Search code examples
x86-16processormemory-segmentation

Can someone help me with segmentation and 8086 intel's microprocessor?


I am reading about the architecture of intel's 8086 and can't figure out the following things about segmentation: I know that segment registers point to segments respectively and contain the base address of a 64kb long segment. But who calculates and in which point sets the physical address in the segment registers? Also, because one physical address can be accessed by multiple segment:offset pairs and segments can overlap, how you can be sure that you won't overwrite something? Where I can read more about this?


Solution

  • Generally speaking the Assembler will only use offset addresses to access a logical address. For example looking at this code:

    start   lea si,[hello]          ; Load effective address of string
            mov word [ds:si+10],0   ; Zero-terminate string after 10th letter
            jmp $                    ; Loop endlessly
    
    ; Fill rest of the segment with 0s
    times 65536-($-$$) db 0x00
    
    hello   db "I'm just outside of the current segment. Hello!",0
    

    The assembler will try to calculate the offset of 'hello' from the origin of the program. Since no origin is defined 0x0 will be assumed. However the offset of 'hello' would be 0x10000 in this case, which does not fit 16-bits. Therefor the Assembler will truncate the address to 0x0000. It will not change any of the Segment registers. However it will likely issue a warning, for example test.asm:1: warning: word data exceeds bounds. What actually happens when you run this program is that the jmp $ line is overwritten with zeroes, because the address of hello wrapped around and the CPU will start executing nothing but Zeroes, which was not what you intended to do.
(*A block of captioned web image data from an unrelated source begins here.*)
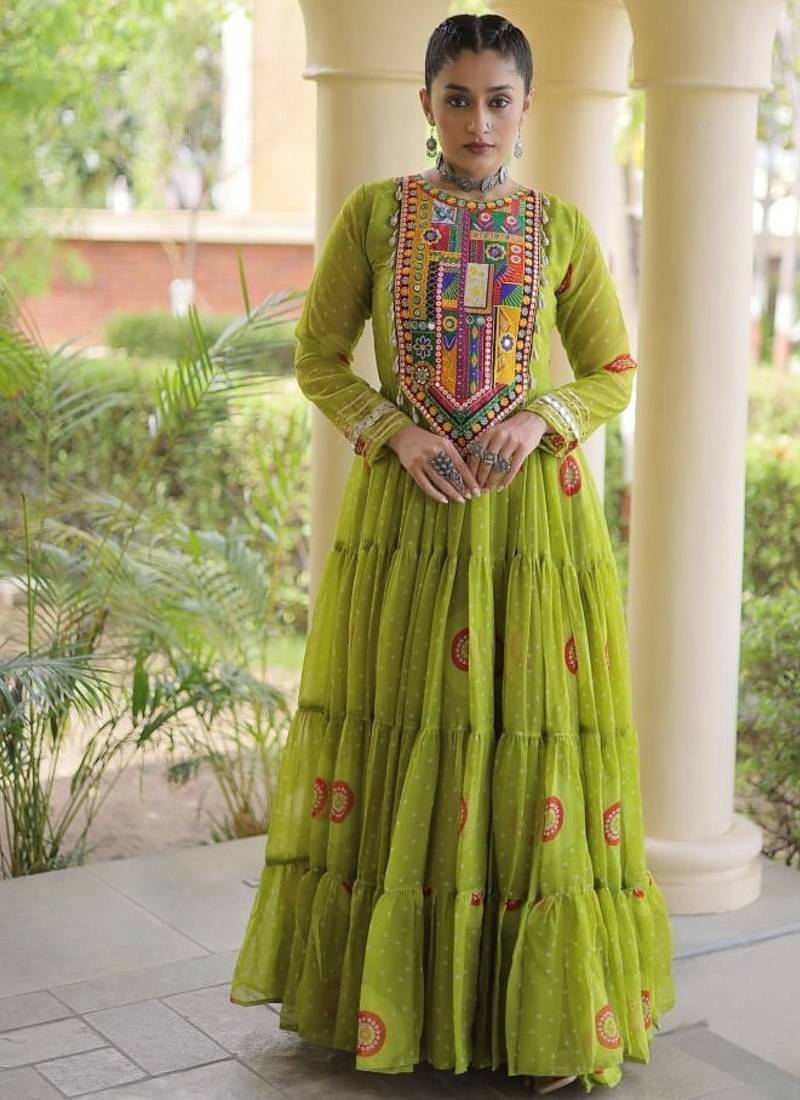 faux georgette bandhani printed gown with kutchi patch work  12 meter flair full sleeves festive ethnic gown 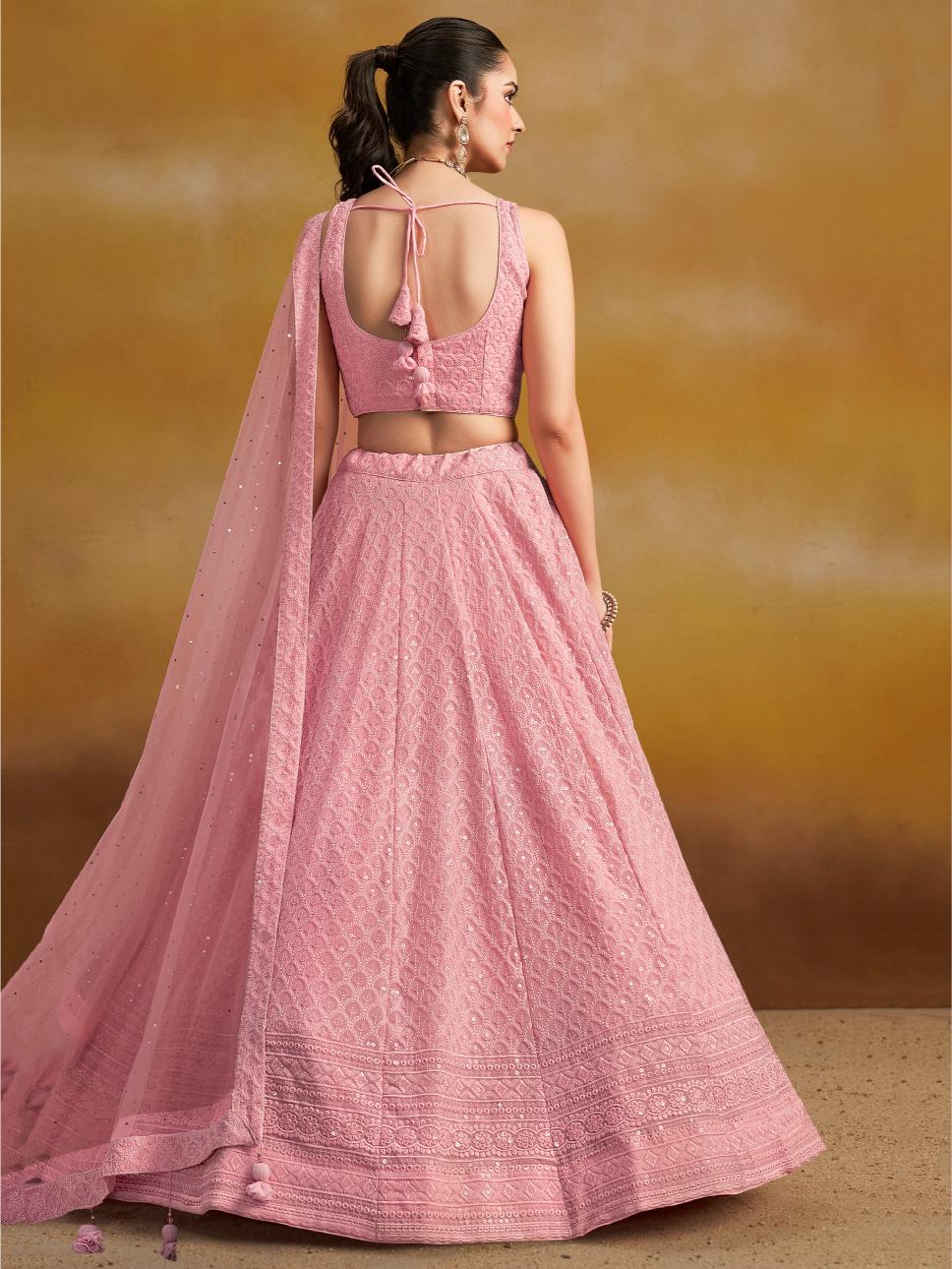Light Pink Georgette Lehenga Choli — alternate view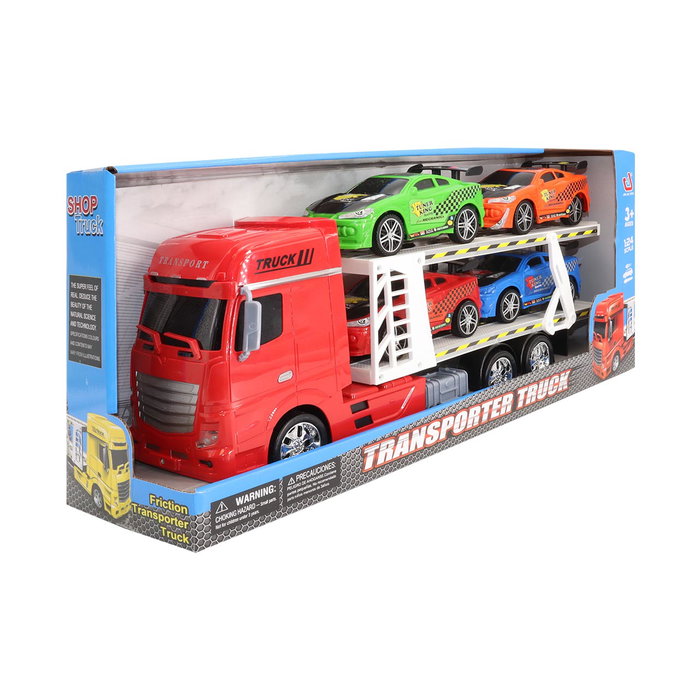 Tachan Camion de Courses Heroes de Ciudad avec 4 Voitures - Jouet de Collection - Modèle 1:24 - Pour Enfants 3 ans et plus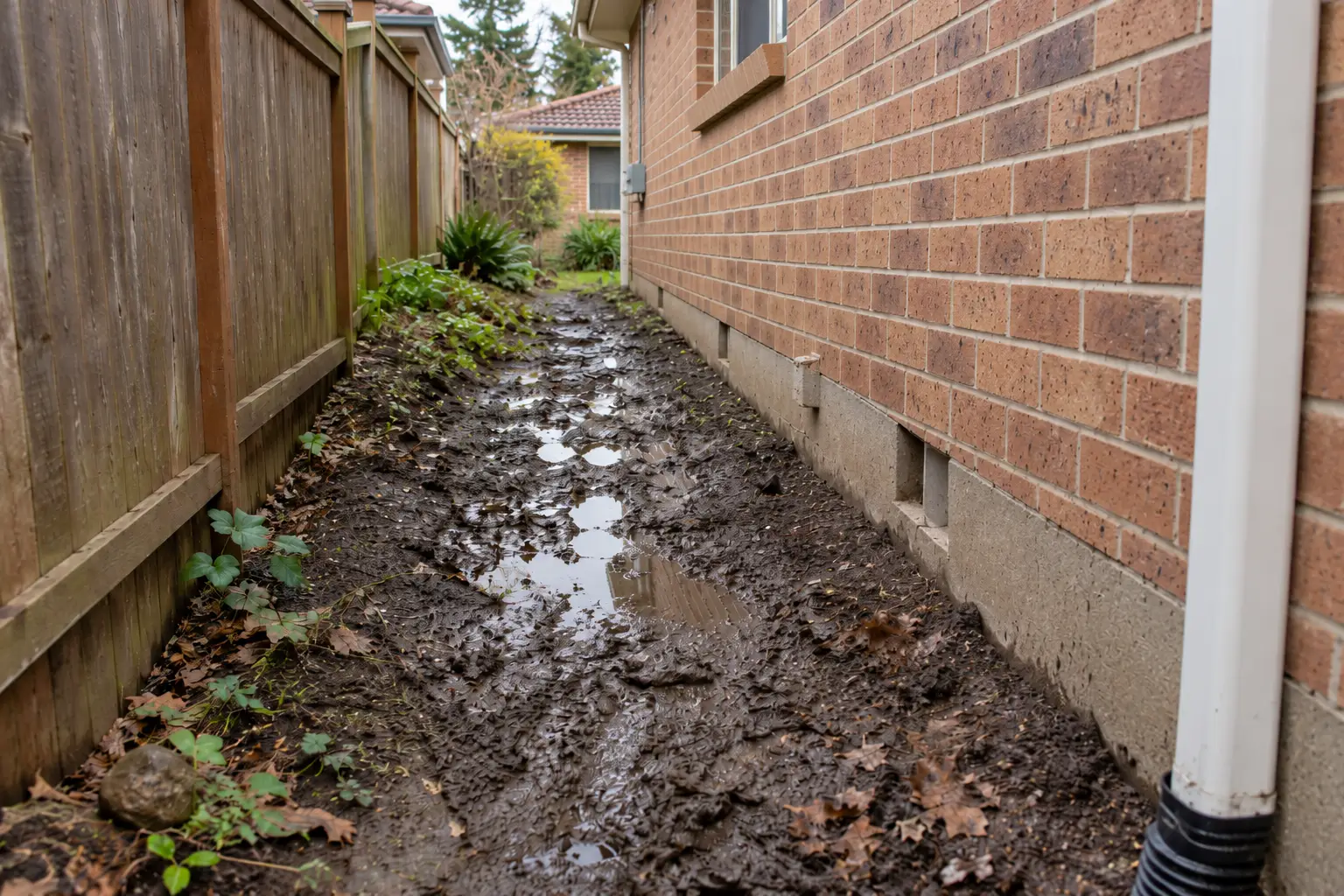 muddy side pathway needs professional concrete contruction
    That is of course only if the code-segment and data-segment are the same. Now who guarantees that is the case? Nobody really. Especially since I still don't know what platform you are coding for. It is entirely your resposibility to set up the segment registers with correct values. The easiest way to do so is:

    push cs   ; Push address of code segment to stack
    pop ds    ; Pop address back into data segment
    push cs   ; Same for extra data segment
    pop es    ;
    

    This way you can be certain your you are accessing the offset in the correct-data segment.

    Now regarding 'How do you make sure the code segment doesnt overlap the data segment', why shouldn't it? When your program with data is smaller than 64KB it is actually the easiest way to access data if your code and data segment are identical.

    And how can you be sure that you don't overwrite anything important? Assembler can't help you with that, you have to check yourself if the segment:offset address you are writing to already contains data.